I just drank a bottle of beer, and I get drunk easily, so I will keep this reply brief.

==> are your theories, ideas and research taught at any standard, credentialled universities in the US, UK, Canada, AUS, NZ, RSA?

Our science and evidence-based theories will soon be taught everywhere. Classes such as “conspiracy detection 201”, “history of medical quackery 1600-2023”, etc would be taught at elite colleges.

On a serious note…

It is utterly ridiculous that private citizens such as myself need to question medicine, science, and public health. Personally, until 2020, if someone told me that I would be one of people questioning the above, I would laugh and dismiss that as impossible.

(the only exception to the above was my knowledge that flu vaccine was a scam, something I thought was an oddity and an exception to the general rule)

Then the COVID pandemic started and it unraveled my previous beliefs about vaccines, biomedical science, our health and other authorities etc. I realized that a crime was in progress and that I have a moral imperative to speak up, which is what I did.

Ever since I was a little kid I was a fan of science. I still am. I want science to return back to its rules of rigor, skepticism, and independence. I hope that scientists will find strength to resist perverse monetary incentives.

“It is utterly ridiculous that private citizens such as myself need to question medicine, science”

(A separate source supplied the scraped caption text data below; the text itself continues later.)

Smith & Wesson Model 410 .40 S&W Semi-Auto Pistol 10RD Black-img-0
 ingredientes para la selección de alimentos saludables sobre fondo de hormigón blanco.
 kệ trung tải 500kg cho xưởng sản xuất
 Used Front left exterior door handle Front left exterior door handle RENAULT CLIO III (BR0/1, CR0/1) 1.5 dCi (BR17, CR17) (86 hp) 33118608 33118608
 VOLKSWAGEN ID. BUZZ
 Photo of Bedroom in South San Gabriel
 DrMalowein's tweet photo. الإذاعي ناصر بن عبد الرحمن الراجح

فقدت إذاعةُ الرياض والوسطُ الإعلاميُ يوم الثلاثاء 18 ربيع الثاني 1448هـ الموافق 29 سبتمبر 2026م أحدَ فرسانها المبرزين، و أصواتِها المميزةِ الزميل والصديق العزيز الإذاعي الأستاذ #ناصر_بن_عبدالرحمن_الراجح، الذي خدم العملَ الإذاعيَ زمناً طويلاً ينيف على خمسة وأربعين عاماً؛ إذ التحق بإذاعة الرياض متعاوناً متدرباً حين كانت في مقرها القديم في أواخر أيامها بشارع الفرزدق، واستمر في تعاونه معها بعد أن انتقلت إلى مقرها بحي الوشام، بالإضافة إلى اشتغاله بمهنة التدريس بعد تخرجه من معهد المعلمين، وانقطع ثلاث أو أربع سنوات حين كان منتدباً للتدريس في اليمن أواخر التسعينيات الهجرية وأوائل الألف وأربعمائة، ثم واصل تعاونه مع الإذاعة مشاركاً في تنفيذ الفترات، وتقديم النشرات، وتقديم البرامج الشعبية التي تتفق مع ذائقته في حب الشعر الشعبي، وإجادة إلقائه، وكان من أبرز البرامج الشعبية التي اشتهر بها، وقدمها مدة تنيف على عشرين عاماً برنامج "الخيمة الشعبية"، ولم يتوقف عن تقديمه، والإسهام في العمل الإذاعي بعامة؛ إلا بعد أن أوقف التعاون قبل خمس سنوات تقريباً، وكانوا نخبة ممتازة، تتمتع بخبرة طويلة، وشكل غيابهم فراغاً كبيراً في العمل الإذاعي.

Gotta have something to stop you leading a productive life eh?

@ Igor:

Since the 1990s, alt med proselytisers and anti-vaxxers have predicted a vast paradigm shift, a virtual tsunami that would sweep away SBM and replace it with their own theories, research findings and curriculum BUT
it hasn’t happened.
How do I know? Because I’ve followed trends since then, more intensely since 2000. They ALL say that vaccines and meds are on the way out, making way for natural foods, herbals and spirituality.

Meanwhile , SBM has been burnishing its armamentarium.

I use the vaccines/autism imbroglio as an example because unlike many of its supporters, I actually studied cognitive development, testing and neurological BUT other areas hold as well. ( e.g. cancer therapies, CVD, vaccines for infection etc).

Much of the research they rely upon to support their ideas does not stand up to peer review and/ or scrutiny. You can’t find accredited schools teaching their theories because they are totally contradicted by data from around the world in many diverse areas of inquiry. I’m sure you can find an alt med/ naturopathy school that endorses some of it but they may also endorse Qi, meridians and healing at a distance.

About the flu vaccine:
it decreases the chance people will get ill although
–sometimes the annual strains chosen are not the best match
— some people don’t have a strong response
HOWEVER
the perfect is forever the enemy of the good and reducing the rate of illness is important especially when millions of people are involved: less death, less suffering, less time lost from work,school, less medical expenses.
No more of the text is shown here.